It's me using the laptop due limited funds... that and it has only one job: store my backups. They're fine using no ZFS and Windows server (or real servers) becasue that is what the entire firm is familiar with. I will be trying the capping of the size of ARC myself but personally I like a large cache in the RAM just as long as the applications sharing that RAM see it as such. Other than my edge case, ZFS is a really good system, on my main machine which has a reasonable amount of memory ZFS has been the best decision I ever made due to unstable CPU causing crashes and ZFS so far being the most fault tolerant solution I have used to date. They do see to have issues though since they are considering giving me a Linux VM to try one of their services on to see if we could deploy Linux in the future, time will tell if the small Linux VM will be convincing.

@NHellFire
Copy link

Apologies for the noise, but has anyone had a chance to take another look at this?
It is pretty annoying for monitoring and does cause problems with some apps that check available memory (like qemu). I'm wondering if this also contributed to heavy swapping on one of my old servers that only had 32GB RAM.

@KenMacD
Copy link

KenMacD commented Mar 14, 2022

If you found this like I did—because Firefox was unloading tabs thinking there wasn't enough memory—then you may find the zfs_arc_sys_free module parameter useful. The man page describes it as:

The target number of bytes the ARC should leave as free memory on the system. Defaults to the larger of 1/64 of physical memory or 512K. Setting this option to a non-zero value will override the default.

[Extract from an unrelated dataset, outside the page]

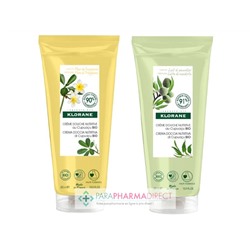 Klorane Cupuaçu Crème Douche Nutritive Fleur de Frangipanier + Crème Douche Nutritive Lait d'Amandier 2x200mlLot  × 2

I set mine to 3gb with echo 3221225472 | sudo tee /sys/module/zfs/parameters/zfs_arc_sys_free.

@ast0815
Copy link

ast0815 commented Mar 15, 2022

Thanks for that that one, @KenMacD. Using that parameter seems a bit more flexible than zfs_arc_max.

As a sidenote for people who want to make these changes permanent, follow the instructions here: https://www.cyberciti.biz/faq/how-to-set-up-zfs-arc-size-on-ubuntu-debian-linux/

Just don't forget the update of the initramfs, like I did. 🙄

@digitalsignalperson
Copy link

A solution here would be great.

Props to htop for reporting sensible free memory (counts shrinkable ARC as cache
htop-dev/htop@491c6f1)

My latest run-in is compiling UnrealEngine and getting nerfed parallel actions

Determining max actions to execute in parallel (16 physical cores, 16 logical cores)
  Executing up to 16 processes, one per physical core
  Requested 1.5 GB free memory per action, 10.03 GB available: limiting max parallel actions to 6

where in reality >40GB is available.

@zyansheep
Copy link

I'm running NixOS + ZFS w/ Framework 13 AMD Laptop, been dealing with random crashes for 2 weeks! (didn't know what was causing them). Just now saw in journalctl that it was earlyoom. (I even submitted a bug report to vscode lol).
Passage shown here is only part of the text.